I unplugged the single-serve machine, plugged in the grinder and emptied both bags of beans into it. Then I unplugged the percolator and plugged in the drip machine. I debated which kind of artificial sweetener to use, chose the yellow and pulled the cream carton out of the refrigerator. By the time my first coffee was finally ready to drink, I was too out of sorts to meditate.

  So I did something else instead.

  I chugged my coffee and then went to the basement and found a couple of sturdy cardboard boxes. I loaded the percolator, espresso maker, single-serve machine and bean grinder into one box. Then I wrapped the sugar bowl, cream pitcher, and every mug except the one I was using and put them in the other box. I would keep the cups and saucers (twelve in all!) that matched my dishes and donate everything else to the thrift store. I’d take my leftover single-serve pods and handy-dandy carousel to the coffee bar at church.
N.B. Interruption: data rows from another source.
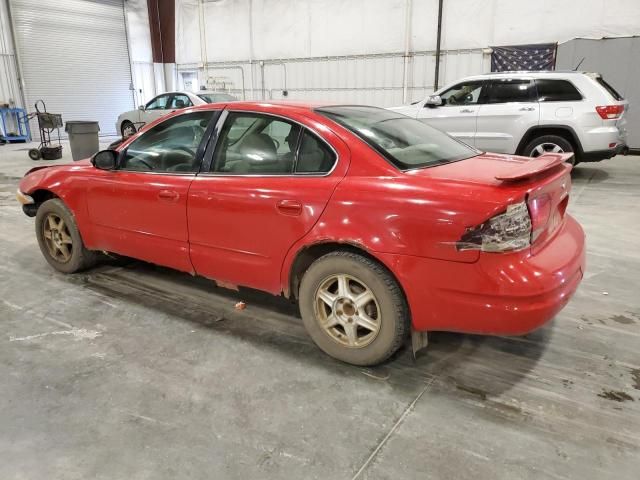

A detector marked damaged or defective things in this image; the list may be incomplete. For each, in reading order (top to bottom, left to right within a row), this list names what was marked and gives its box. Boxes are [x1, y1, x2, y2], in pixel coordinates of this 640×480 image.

dent in car door [418, 80, 482, 146]
dent in car door [476, 79, 540, 154]
dent in car door [188, 112, 350, 292]
broken taillight lens [458, 201, 532, 253]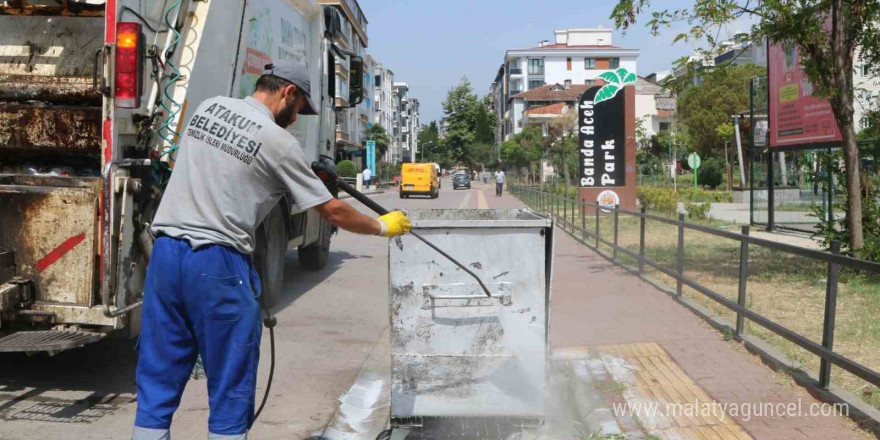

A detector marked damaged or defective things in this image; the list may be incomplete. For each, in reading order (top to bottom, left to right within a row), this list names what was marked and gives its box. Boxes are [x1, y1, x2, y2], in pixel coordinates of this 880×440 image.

rusty metal bin lid [408, 209, 552, 229]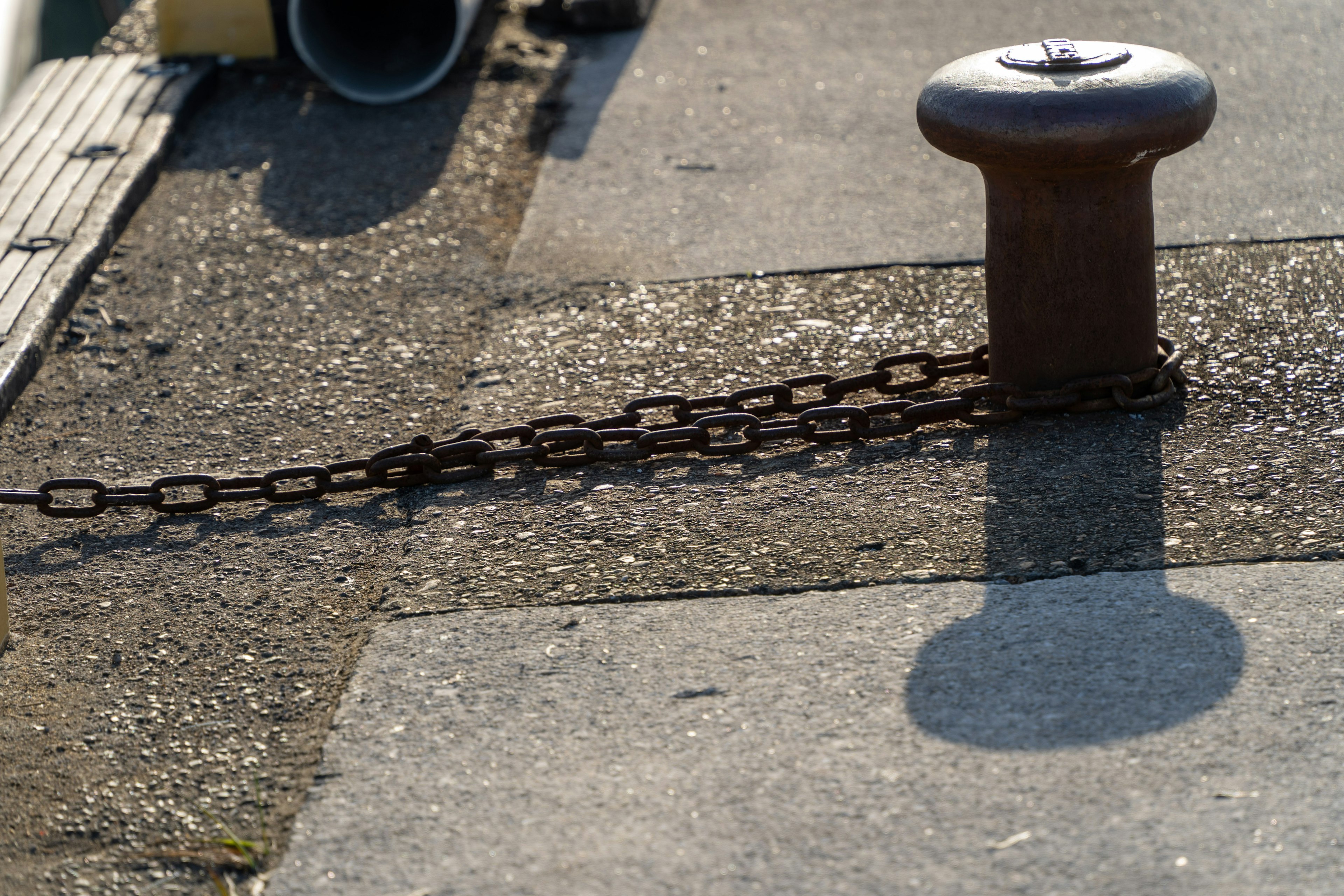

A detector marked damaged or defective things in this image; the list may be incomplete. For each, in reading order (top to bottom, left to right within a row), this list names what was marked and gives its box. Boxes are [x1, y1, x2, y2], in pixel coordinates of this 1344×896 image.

rusty mooring chain [0, 336, 1182, 518]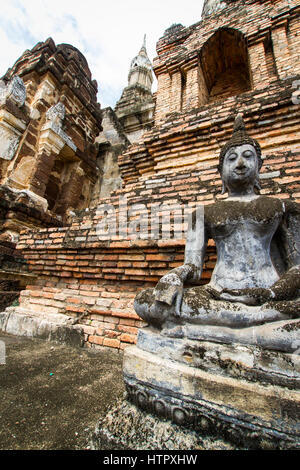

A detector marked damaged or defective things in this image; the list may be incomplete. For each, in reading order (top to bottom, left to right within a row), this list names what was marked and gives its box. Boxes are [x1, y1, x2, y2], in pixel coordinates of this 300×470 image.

broken brick structure [0, 0, 300, 350]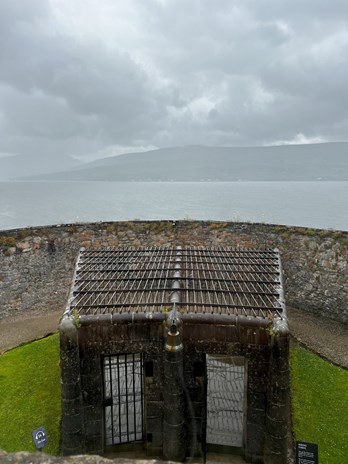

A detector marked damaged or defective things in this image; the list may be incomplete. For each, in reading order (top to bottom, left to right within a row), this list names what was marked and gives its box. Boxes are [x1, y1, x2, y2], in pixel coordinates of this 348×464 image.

rusty metal grating [66, 246, 284, 320]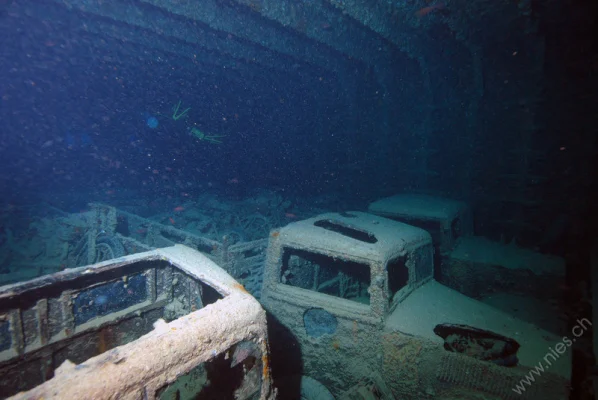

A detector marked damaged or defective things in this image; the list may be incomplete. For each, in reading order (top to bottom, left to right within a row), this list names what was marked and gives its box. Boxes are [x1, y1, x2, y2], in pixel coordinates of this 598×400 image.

corroded vehicle frame [0, 245, 276, 398]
On the way home after work, I would stop at the store and buy a canister of already-ground coffee and a box of paper filters.
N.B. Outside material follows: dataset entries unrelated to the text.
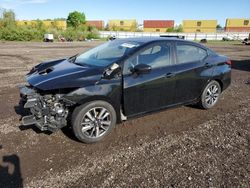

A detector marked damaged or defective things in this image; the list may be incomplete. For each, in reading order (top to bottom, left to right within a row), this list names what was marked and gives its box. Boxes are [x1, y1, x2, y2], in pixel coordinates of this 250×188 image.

crumpled front end [19, 85, 72, 131]
damaged hood [27, 58, 104, 91]
shattered windshield [73, 39, 141, 67]
damaged black sedan [18, 37, 231, 143]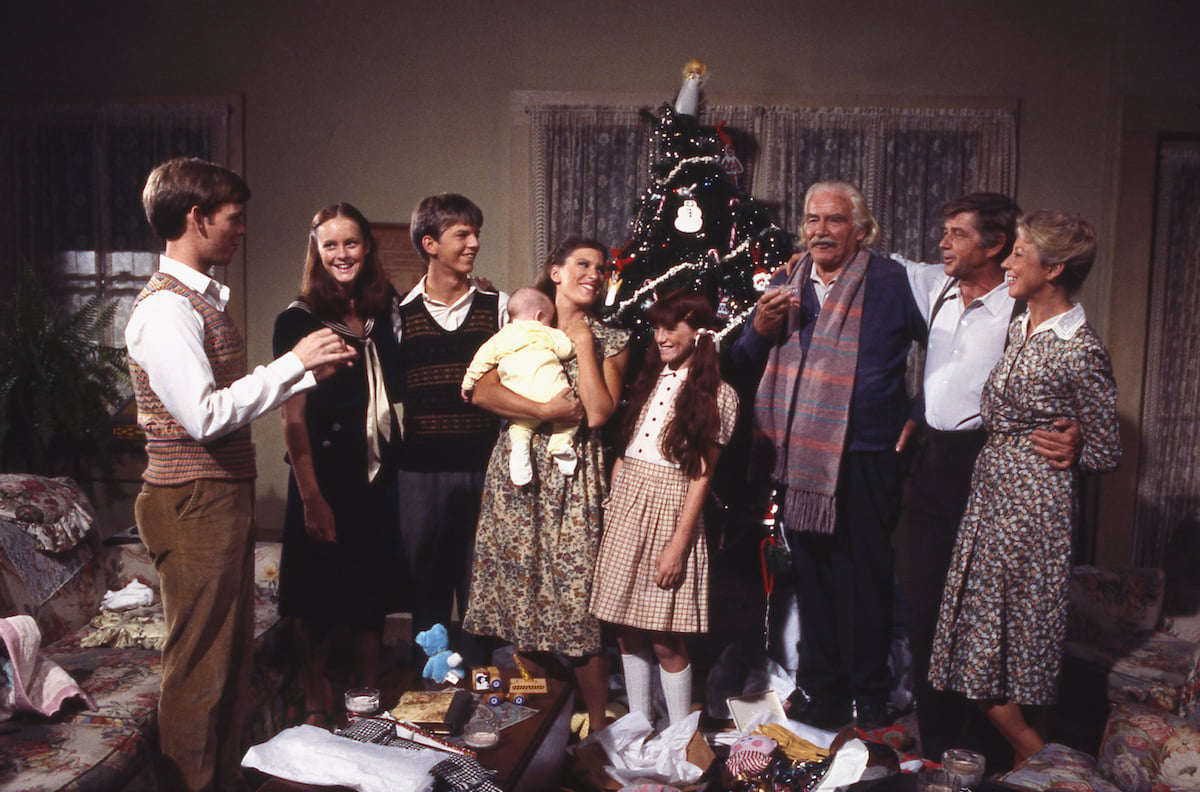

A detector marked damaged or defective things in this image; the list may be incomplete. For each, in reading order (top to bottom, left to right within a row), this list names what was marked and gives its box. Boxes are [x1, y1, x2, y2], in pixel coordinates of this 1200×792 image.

torn wrapping paper [101, 580, 156, 612]
torn wrapping paper [0, 616, 95, 720]
torn wrapping paper [239, 724, 440, 792]
torn wrapping paper [584, 708, 708, 788]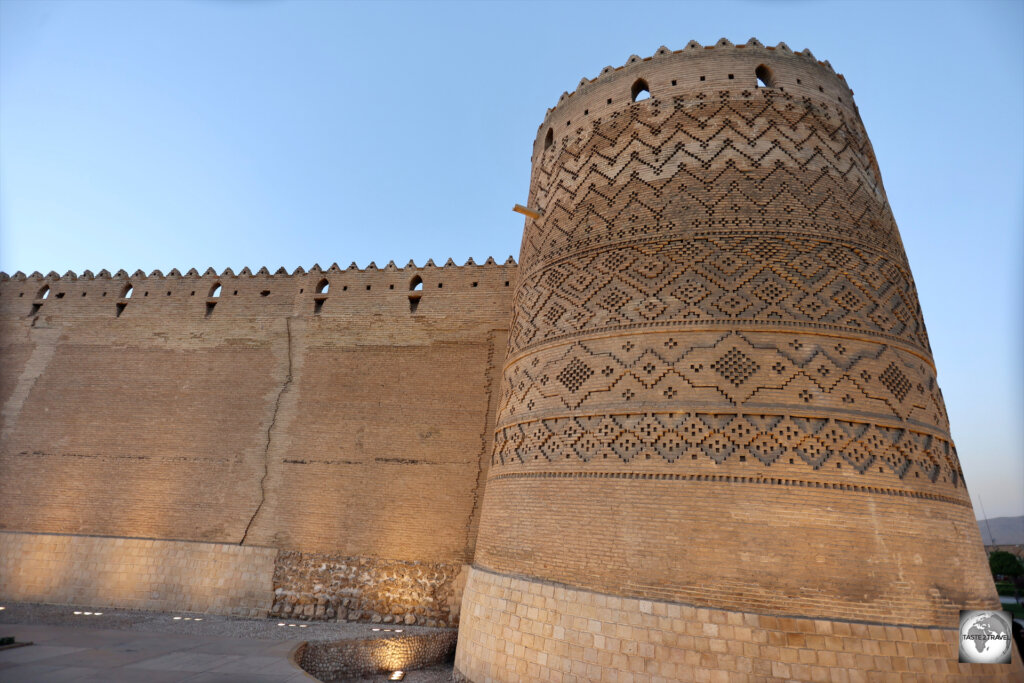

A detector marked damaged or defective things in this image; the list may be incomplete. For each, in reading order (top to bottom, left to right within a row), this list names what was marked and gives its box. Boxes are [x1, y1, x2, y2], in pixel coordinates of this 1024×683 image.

crack in brickwork [237, 315, 290, 544]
  Which is exactly what I did.

  I smile every time I walk into my kitchen these days, even if it’s four-thirty in the morning. My coffee corner holds everything I need and nothing I don’t. In a jiffy, I can set a pot to brewing, pour a steaming mug just a few minutes later and be in exactly the right frame of mind for meditating. And still have time left for a walk around the block before the demands of the day come at me full force.

  ~Jennie Ivey

  One Bag Rule

  Simplicity is about subtracting the obvious and adding the meaningful.

  ~John Maeda

  I was the girl with the backpack stuffed full of things that I would never need but lugged around anyway. I always had an extra pack of loose-leaf paper, a box of pencils, various pencil sharpeners, and more. All of the other girls had their trendy shoulder bags or purses and carried around just one binder. They always seem relaxed and happy, never lacking anything. Yet, here I was with a bag big enough to fit a human body and still feeling like I didn’t have enough. I got stared at every day as I scuttled through the high school hallways feeling like a freak. I wanted to be one of the cool kids, but I couldn’t bear the thought of giving up that box of tissues.